Can you house a baby boa constrictor in a larger enclosure?
Yes, as long as you do so carefully. Although boas are generally considered slow-growing, babies can still triple in size by the end of their first year. So if you buy a baby, it’s generally cheaper and more efficient to start with a larger enclosure to accommodate that rapid growth. In fact, babies can be housed in a full adult-sized enclosure if you set it up correctly.
Think about how boas grow up in the wild — they don’t confine themselves to a small box just because they’re young. They still have to travel to hunt. So think of it more as taking an enclosure-sized slice out of their native habitat.
Providing lots of hides/cover is the key to success when you’re putting a young boa in a large enclosure. Provide lots of places to hide: cork bark half-buried in substrate, loose burrowable substrate, foliage, dead leaves, caves, etc. Also partially cover the climbing branches to provide arboreal hides.
The primary concerns with keeping a very young boa in a large enclosure are the following:
- Can be stressful if done wrong
- Can be hard to find your hatchling
- Difficult to monitor defecation schedule
- Large (deep) water bowls can pose a drowning risk
If you’re still worried by the idea of putting a tiny baby in a huge adult enclosure, you can use a plastic storage tub with ventilation holes as a temporary grow-out space. It’s not a very attractive option, but it is much less expensive, great at maintaining steady humidity, and you’re less likely to lose track of your baby.
Types of Boa Cages
Glass: Contrary to popular belief, glass enclosures (aka aquariums) are not evil. They do tend to be expensive, heavy, not very durable, and can present some trouble with maintaining consistent temperatures and humidity. But it’s because of that latter quality, glass is one of the best materials at dissipating heat, and that it makes creating a temperature gradient much easier. It also helps encourage a natural cycle of drying in the enclosure, which discourages mold growth in a humid environment that could otherwise go out of control very easily. When done right, glass enclosures are very attractive and easy to clean. For best results, help the boa feel more secure by using an opaque material like construction paper to cover 3 of the enclosure’s 4 walls.
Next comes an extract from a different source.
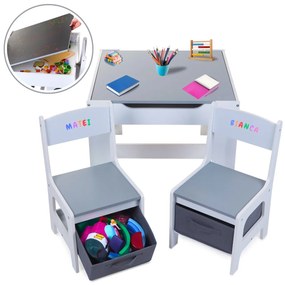 Set Masuta cu scaune pentru copii din Lemn Mdf 3 in 1, Tabla De Scris, Desenat, Colorat, Depozitare, Varsta 3-6 Ani, Alb cu Gri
Plastic/PVC: PVC is well known for holding both heat and humidity very efficiently, and it’s also very durable, making it the most popular reptile housing option in the hobby. Note that these larger enclosures can be incredibly expensive, so it can be more cost effective to just build your own at that point if you’re at all handy. However if you’re not (like me), then this is a convenient and reliable option.
ReptiFiles recommends the following brands:
Wood/Melamine: These materials are a go-to for boa keepers who wish to build their own enclosure, as they are easy to source, relatively lightweight, and fairly inexpensive (in the case of wood). But Melamine does not do well in a humid environment, as the moisture tends to make the material rot and crumble. It can also harbor mold, which becomes dangerous to your boa’s health. Wood can be treated with animal-safe (VOC-free) waterproofing agents to become a fairly reliable material for building an enclosure without fear of rapid degeneration.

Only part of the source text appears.